:: REQUIRED ACTION ::
Please reproduce the entries below exactly, omitting any images they contain.
* * * * *
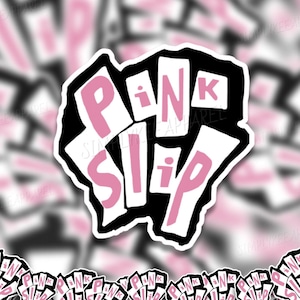 Pegatina de Pink Slip, pegatina de Freaky Friday, pegatina de vinilo holográfica, troquelada, pegatinas Y2K, impermeable, pegatinas de los 90, nostalgia de los 90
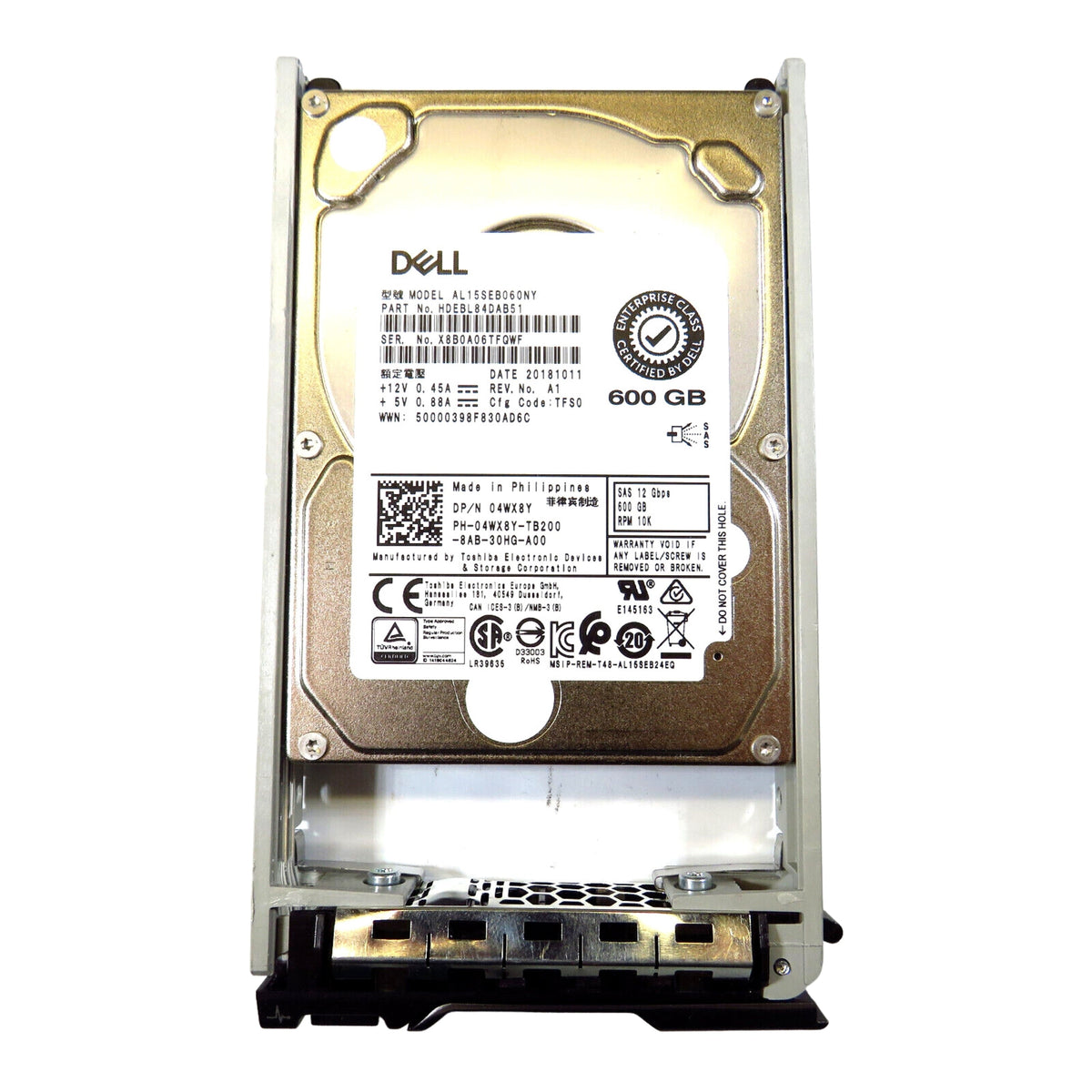 Dell 4WX8Y 2.5" 600GB 10000RPM SAS 12Gb/s Hard Disk Drive (HDD), Silver (Refurbished)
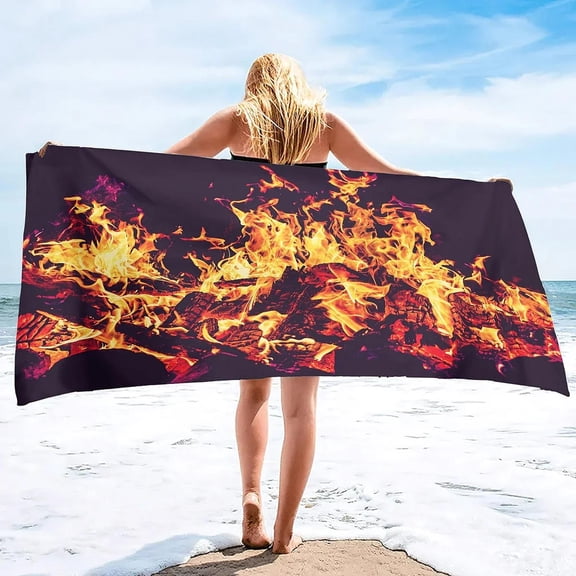 Fire Flames Super Soft Beach Quick-Drying Bath Towel Unisex Large Absorbent Towel Blanket for Outdoor Travel Camping Yoga (10)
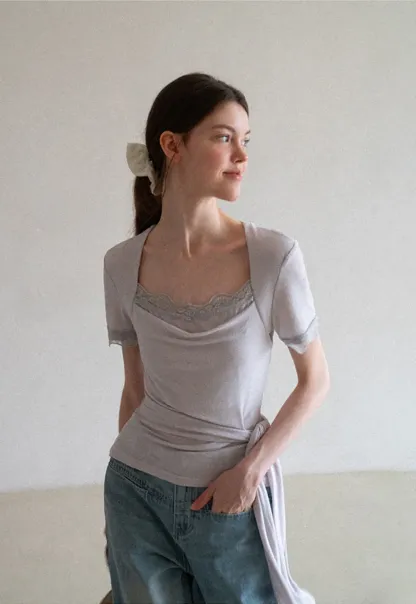 Lace Trim Square Neck Short Sleeve T Shirt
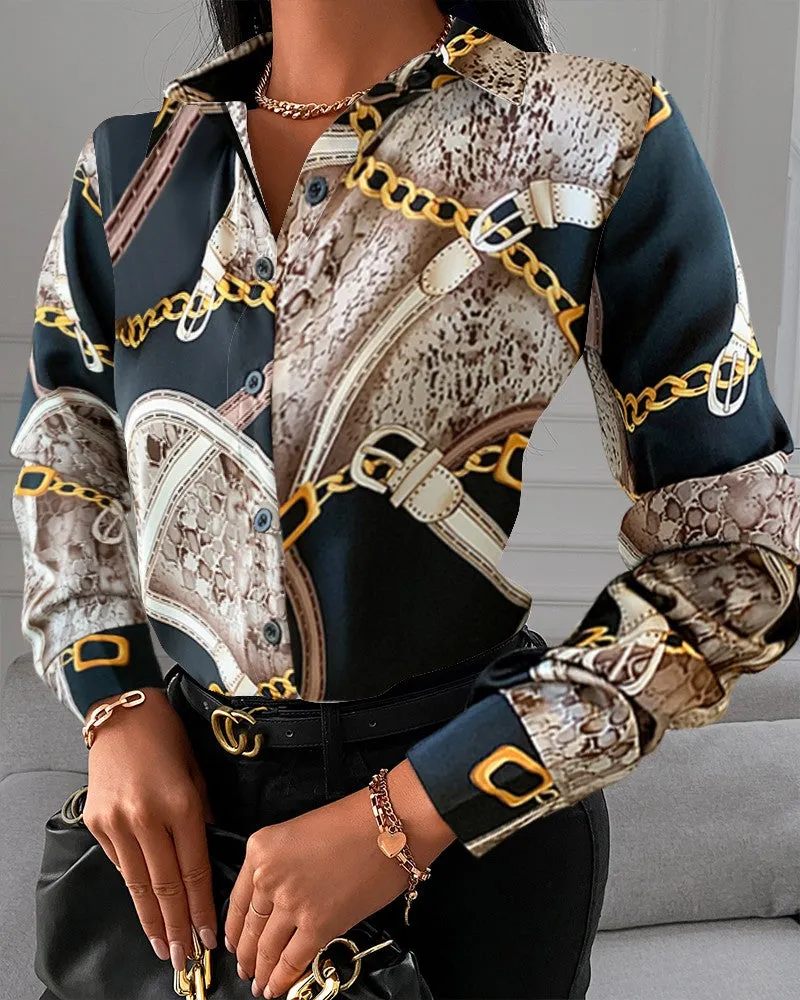 Chain Print Buttoned Satin Top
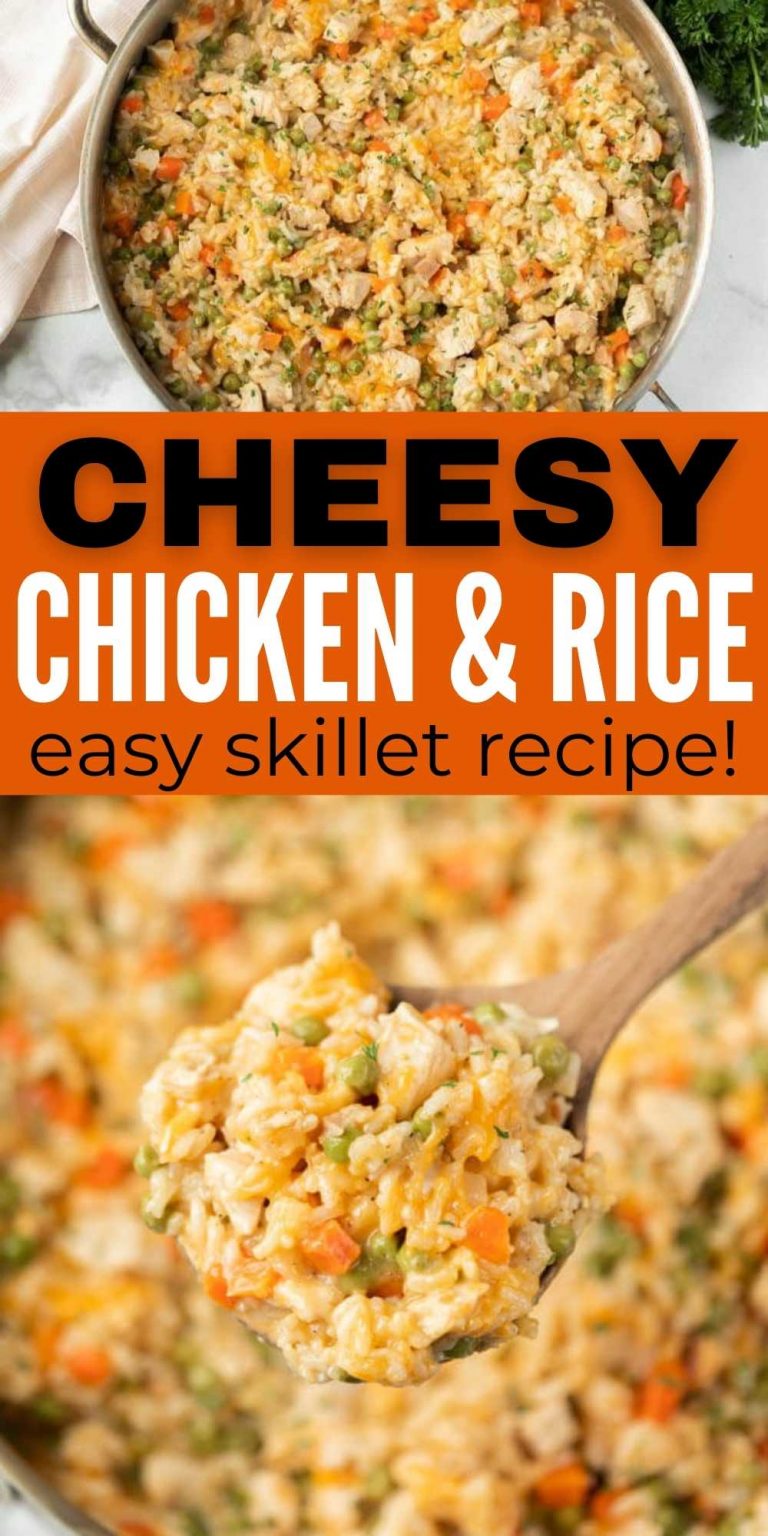 Cheesy Chicken and Rice Skillet Recipe - easy One Pan chicken and rice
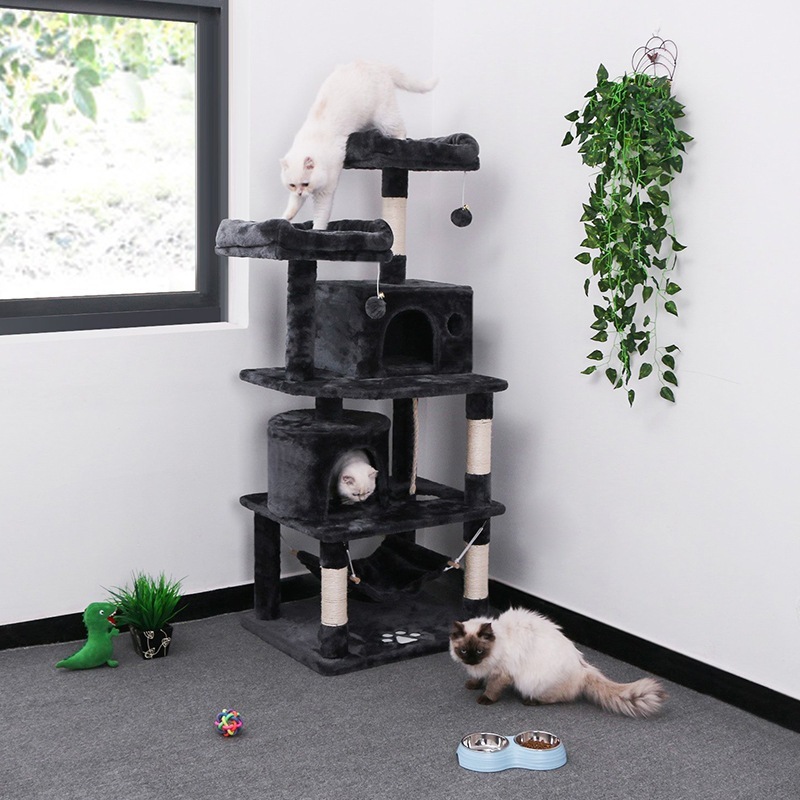 キャットタワー 据え置き スリム ハンモック付 猫タワー キャットハウス 爪とぎ 運動不足 ストレス解消 猫用品 ペット用品 頑丈 安定 猫 ねこ 隠れ家 多頭飼い 猫ハウス 5層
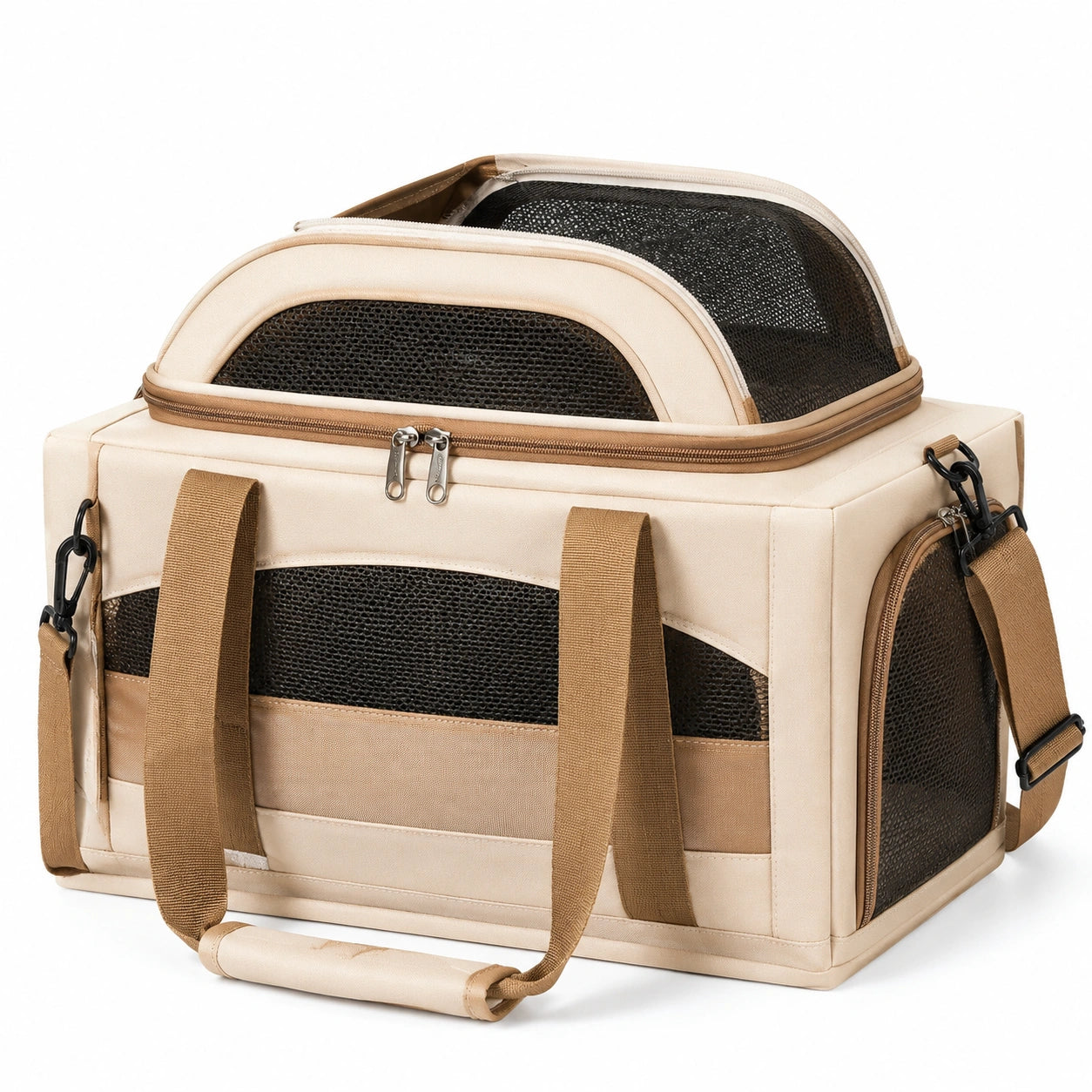 Transportín Plegable para Mascotas Beige 50 cm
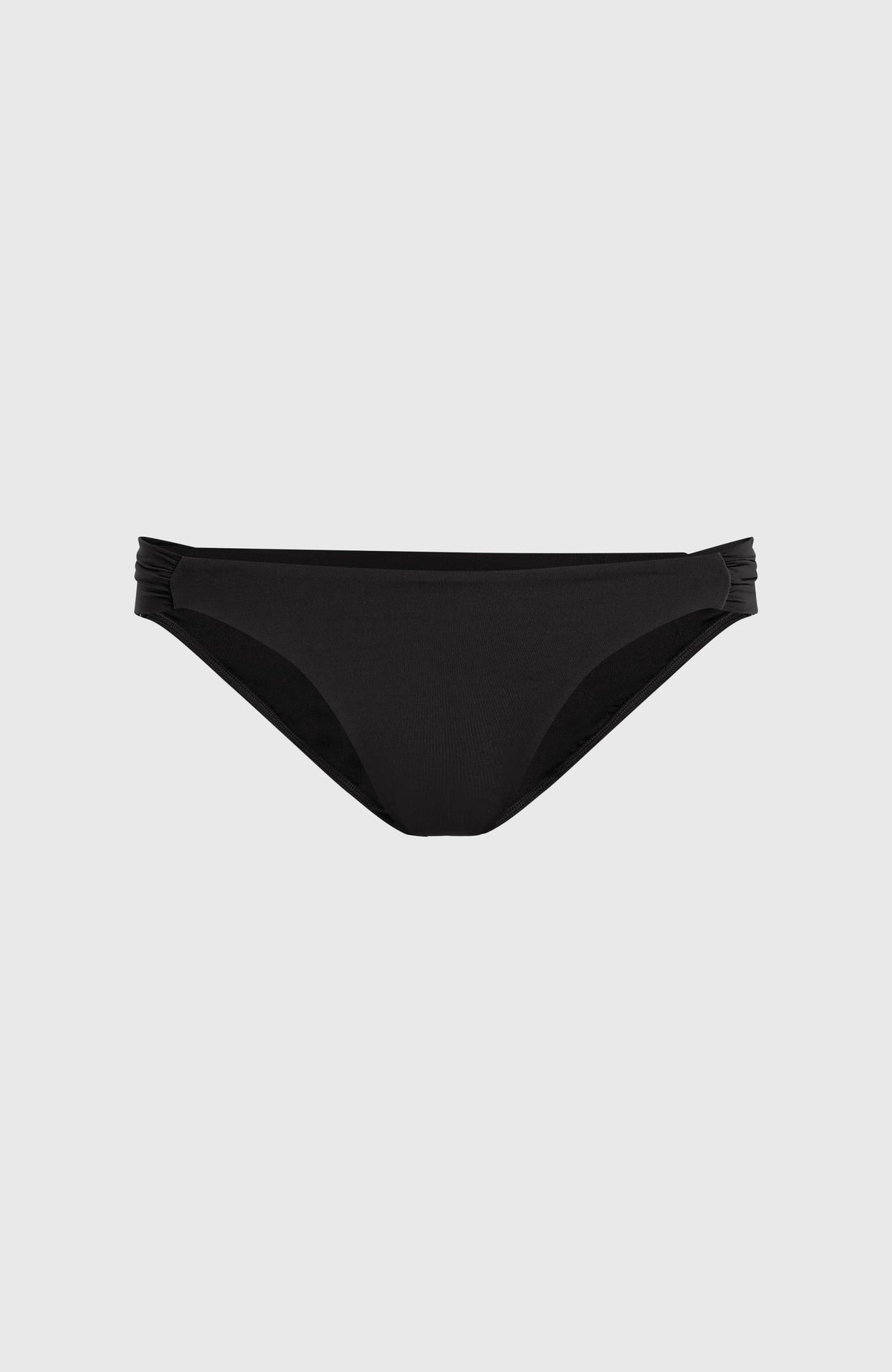 Kee Bikinihose für Damen, schwarz, flach liegend von vorne mit gerafften Seitenabschlüssen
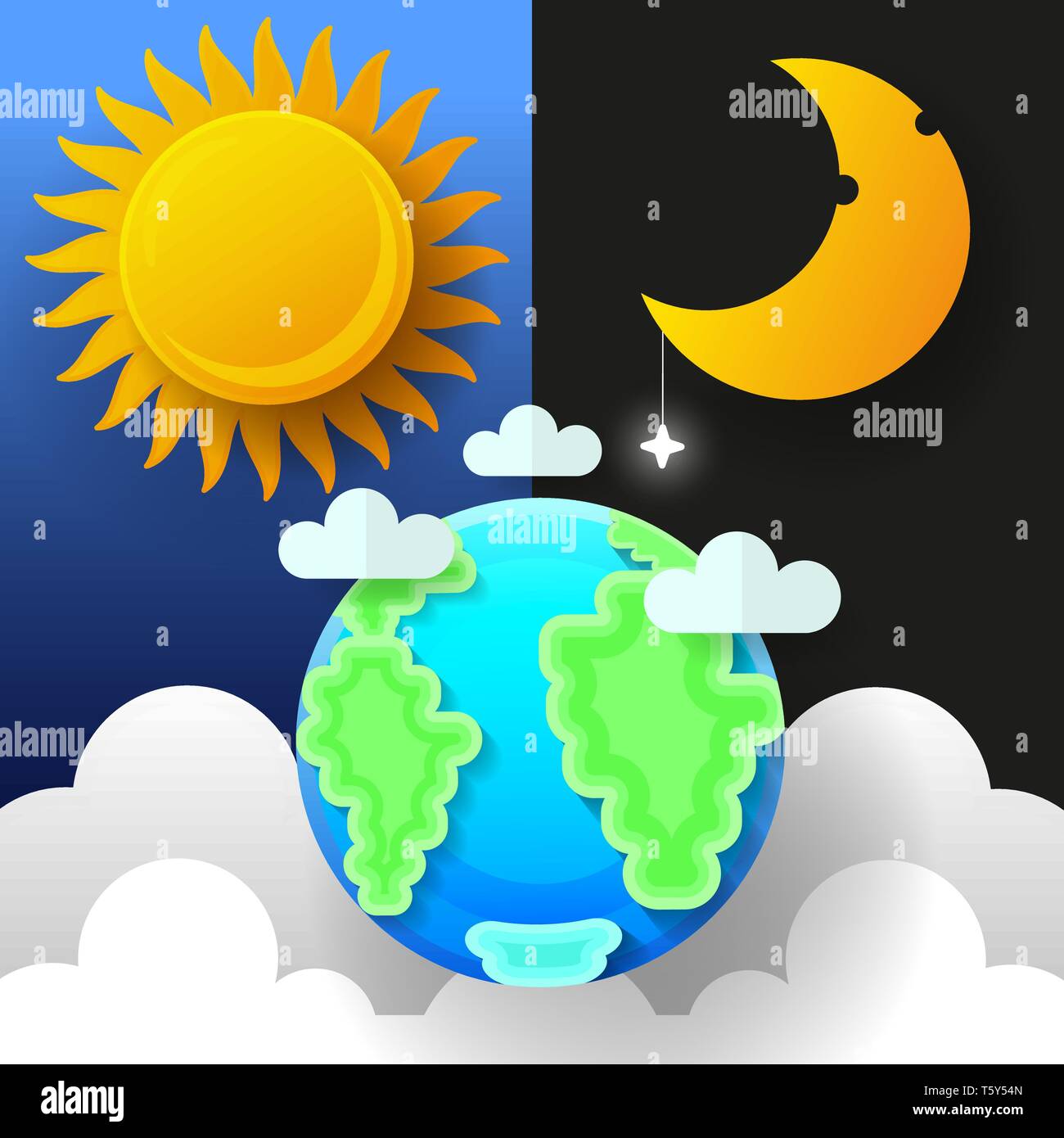 Il sole, la luna e le stelle. Giorno e Notte Banner vettore isolato. Illustrazione Vettoriale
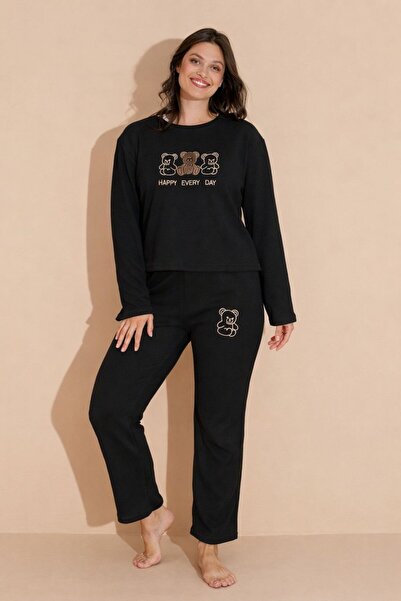 Wordex MR 9010 Set de pijamale de iarnă pentru femei, brodat cu ursuleț de pluș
* * * * *
:: EXERCISE RESPONSE ::
 Pegatina de Pink Slip, pegatina de Freaky Friday, pegatina de vinilo holográfica, troquelada, pegatinas Y2K, impermeable, pegatinas de los 90, nostalgia de los 90
 Dell 4WX8Y 2.5" 600GB 10000RPM SAS 12Gb/s Hard Disk Drive (HDD), Silver (Refurbished)
 Fire Flames Super Soft Beach Quick-Drying Bath Towel Unisex Large Absorbent Towel Blanket for Outdoor Travel Camping Yoga (10)
 Lace Trim Square Neck Short Sleeve T Shirt
 Chain Print Buttoned Satin Top
 Cheesy Chicken and Rice Skillet Recipe - easy One Pan chicken and rice
 キャットタワー 据え置き スリム ハンモック付 猫タワー キャットハウス 爪とぎ 運動不足 ストレス解消 猫用品 ペット用品 頑丈 安定 猫 ねこ 隠れ家 多頭飼い 猫ハウス 5層
 Transportín Plegable para Mascotas Beige 50 cm
 Kee Bikinihose für Damen, schwarz, flach liegend von vorne mit gerafften Seitenabschlüssen
 Il sole, la luna e le stelle. Giorno e Notte Banner vettore isolato. Illustrazione Vettoriale
 Wordex MR 9010 Set de pijamale de iarnă pentru femei, brodat cu ursuleț de pluș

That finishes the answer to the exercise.